No more free passes. Don’t expect me to sit back and listen to this gibberish anymore. I was hoping that the formation of META would bring a higher standard and more professionalism to the industry but I was wrong. I have recently found that guides who work under an owner’s Special Use Permit often have no idea what is in the permit and that it has conditions. You all really need to read those things.
Here’s the latest from our friends in the manatee fondling business. “Manatees Hate Kayaks”. Interesting since a good portion of them rent cheap kayaks as well as fondle manatees. It seems they think manatees would rather have tourists fondle them or have their young yanked away for a photo op.
Yeah I’m sure they prefer this.
Just so we are clear, the reason boaters are being asked to slow down is because manatees have been tamed and a good chunk of them no longer migrate. So boaters are going to have to suffer because of the poor ethics of the dive community and the lack of will by the USFWS to emphasize/enforce passive observation. Until they do, the PEER lawsuit still threatens the industry. The refuge use permit requires that operators promote passive observation. The Manatee Eco Tour Association (META) instead promotes “passive interaction“. That means telling tourists it is ok to rub their belly as long as you don’t chase them down to do it. In case you don’t know what that means, a male manatee’s genitals are located just behind the belly button and the female’s are a bit farther back. Either way, if you a giving a manatee a good ol’ belly scratch think about what you are doing. Your dive master is laughing his a.. off. Why? Because it makes them money.

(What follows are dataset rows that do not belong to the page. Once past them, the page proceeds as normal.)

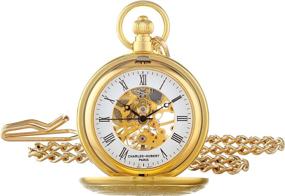 img 4 attached to Charles Hubert Paris Gold Plated Mechanical Pocket Men's Watches - Exquisite Timepieces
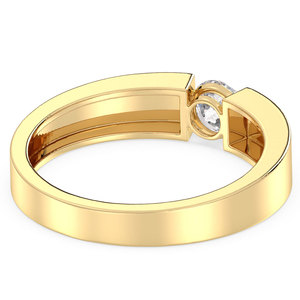 REYES-Anillo de compromiso de oro rosa minimalista, Plata de Ley 925, moissanita GRA certificada, joyería fina para mujer, regalos de boda - Product Image 4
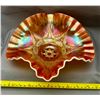 Image 4 : Dugan Peach Opal Carnival Glass "Ski Star" Crimped Edge Banana Boat (Circa 1910)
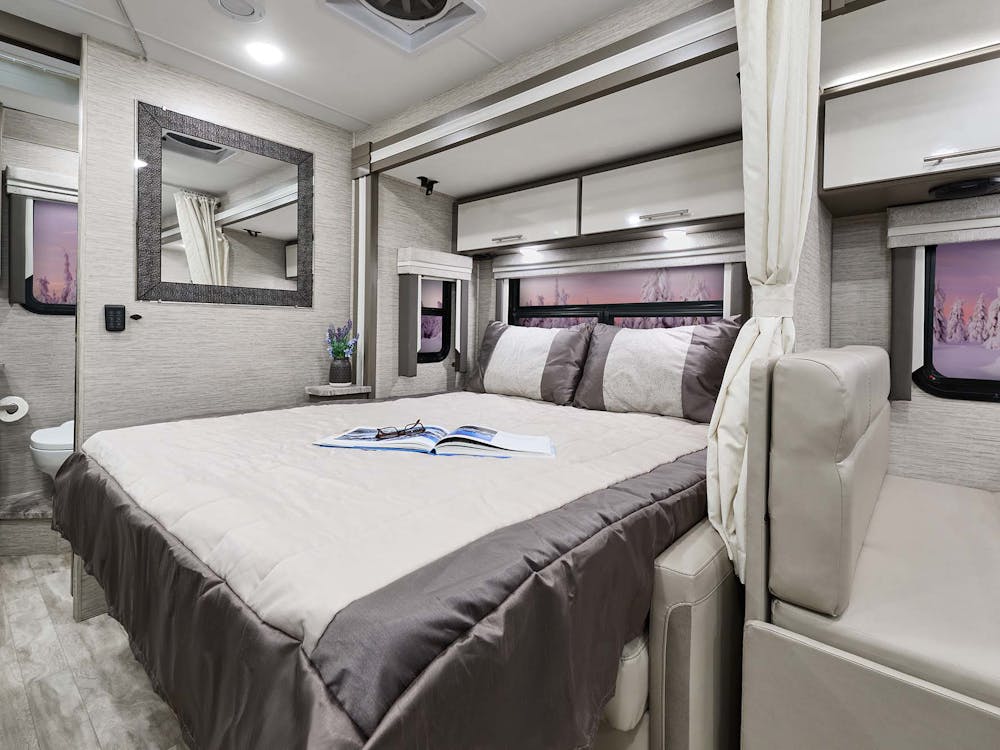 2022 Thor Vegas Class A RV 24.4 Bedroom Pavillion Grey Mesh Murphy Bed Extended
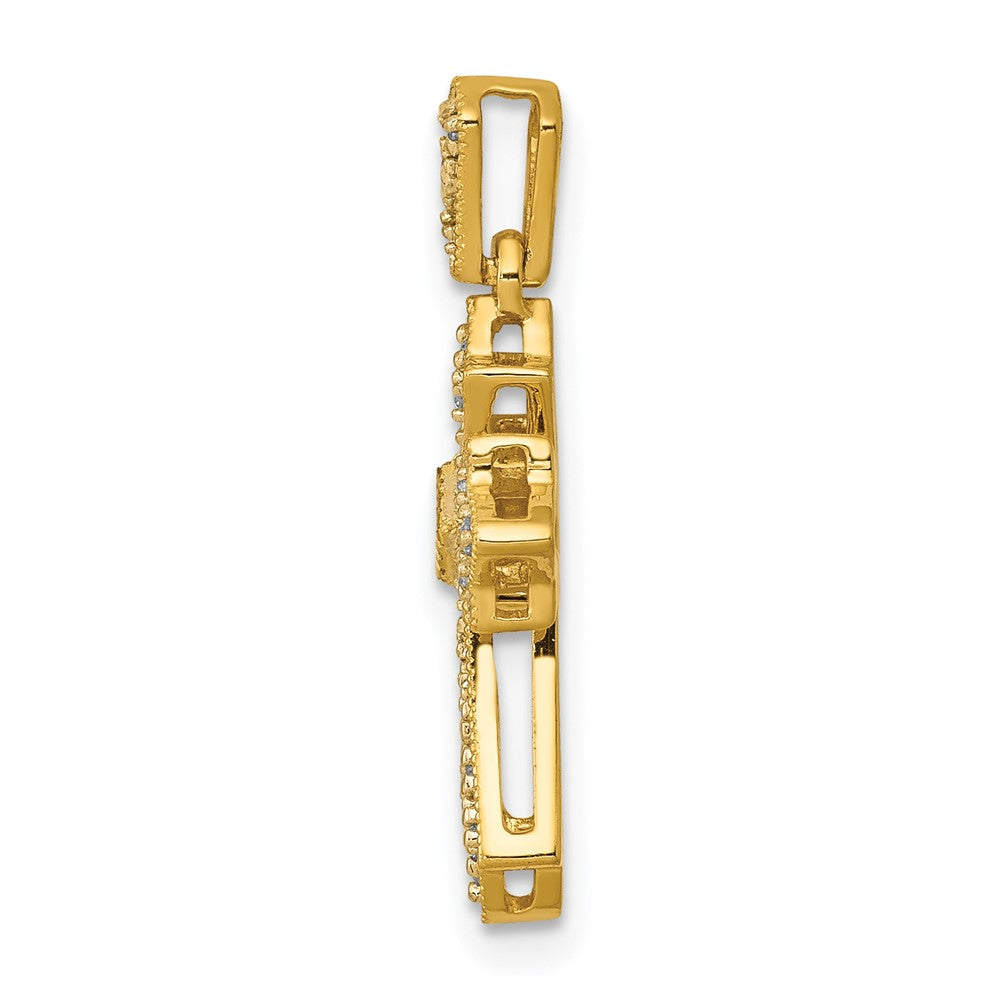 14K Gelbgold 0,1 ct. Echter Diamant Fancy Kreuz-Anhänger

The chief of META has put out numbers that indicate if they couldn’t sell the interaction and had to go with just observation they estimate they’d lose 30% of their revenue.
Petting a manatee is doing nothing for the manatee. It just amuses the humans. Any animal can react one of three ways to human stimulus whether it be food, water, or touch. Feeding and watering is specifically addressed in federal law and is banned. Petting is nothing more than providing a different stimulus. An animal that reacts positively by moving to the stimulus is in danger of ending up in the wrong place at the wrong time. That’s why the law is in place. In the case of manatees wanting to interact with humans, it is interfering with their migration. Think Kings Bay in the summer.